PROVIDED RECORDS =
BEGIN

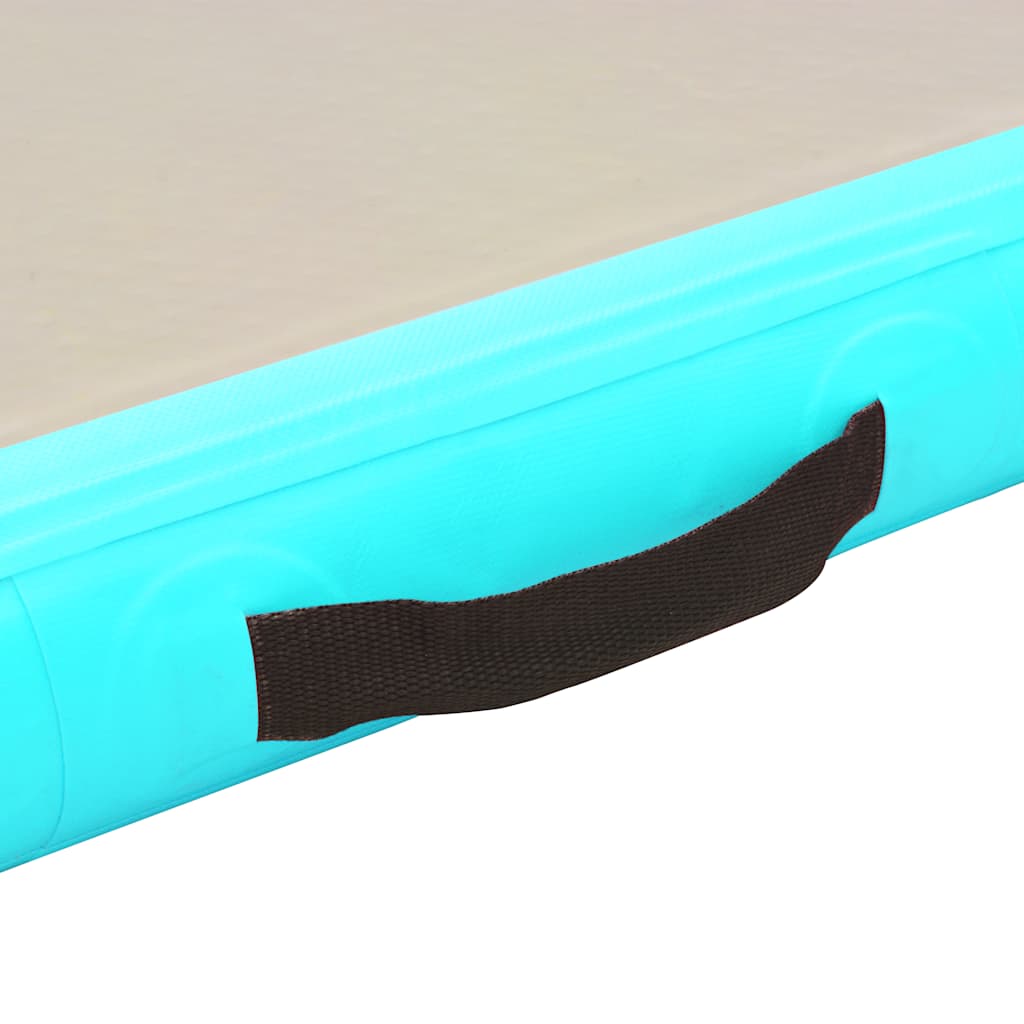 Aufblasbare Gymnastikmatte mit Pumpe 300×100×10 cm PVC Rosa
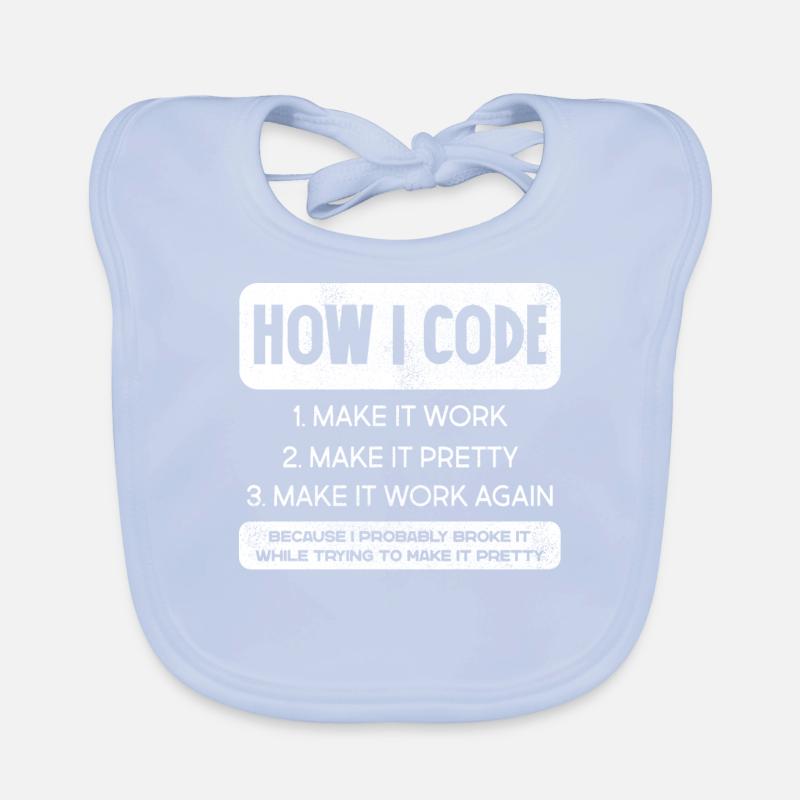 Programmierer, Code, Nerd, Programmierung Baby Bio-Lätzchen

END
BEGIN

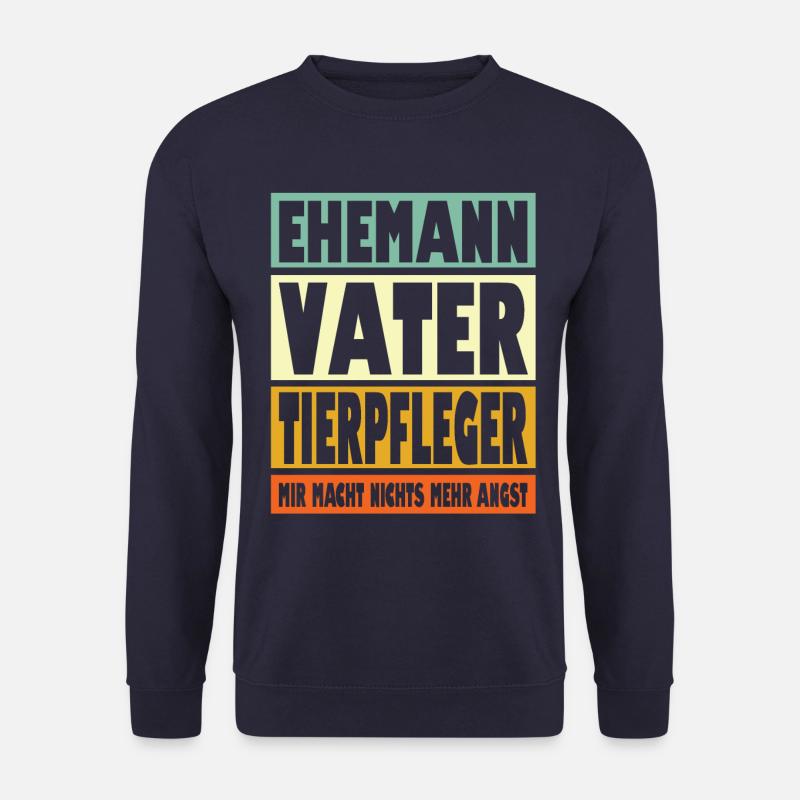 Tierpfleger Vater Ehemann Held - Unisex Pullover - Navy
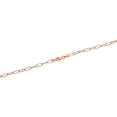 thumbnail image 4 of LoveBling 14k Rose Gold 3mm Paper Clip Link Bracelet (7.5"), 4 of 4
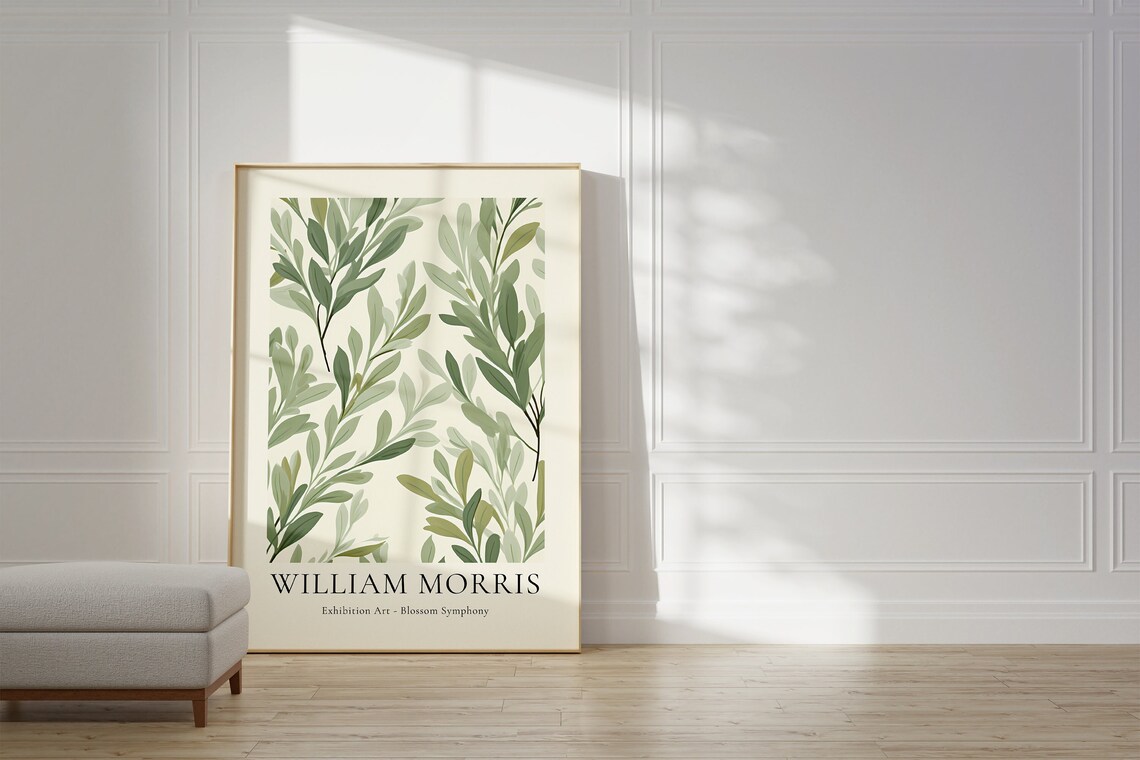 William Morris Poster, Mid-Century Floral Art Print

END
BEGIN

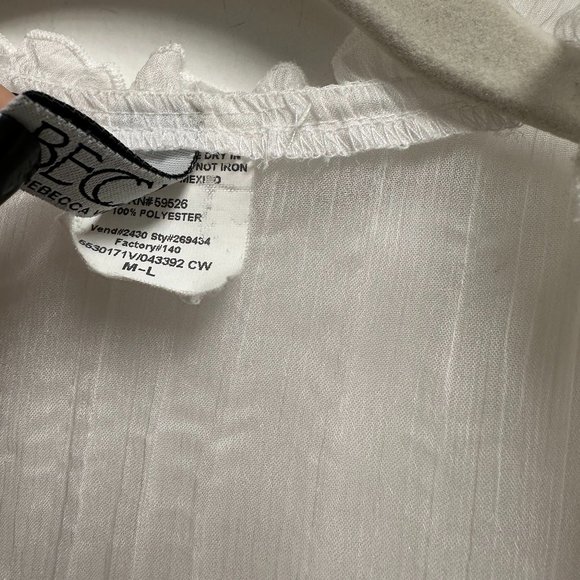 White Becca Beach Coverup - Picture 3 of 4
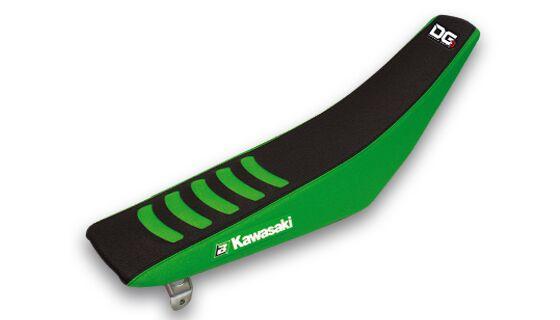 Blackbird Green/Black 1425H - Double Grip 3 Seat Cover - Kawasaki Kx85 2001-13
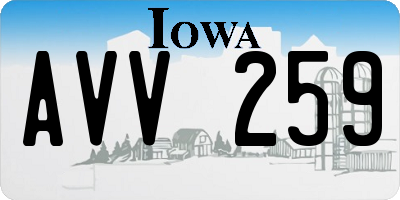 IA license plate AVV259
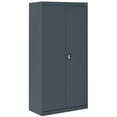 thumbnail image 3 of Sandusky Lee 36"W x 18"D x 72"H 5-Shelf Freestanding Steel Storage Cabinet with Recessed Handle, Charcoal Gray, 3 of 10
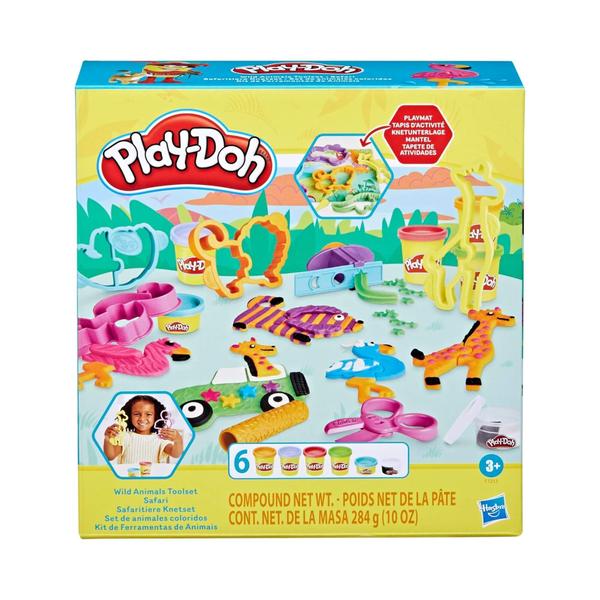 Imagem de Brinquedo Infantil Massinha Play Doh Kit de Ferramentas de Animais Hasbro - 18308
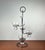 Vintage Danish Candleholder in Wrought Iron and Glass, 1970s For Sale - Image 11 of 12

END

Return exactly the stretch above whose first line contains "Aufblasbare Gymnastikmatte mit" and whose last line contains "Programmierer, Code, Nerd, Programmierung", and nothing outside it. The pictures should not appear.

SOLUTION TO THIS EXERCISE =
 Aufblasbare Gymnastikmatte mit Pumpe 300×100×10 cm PVC Rosa
 Programmierer, Code, Nerd, Programmierung Baby Bio-Lätzchen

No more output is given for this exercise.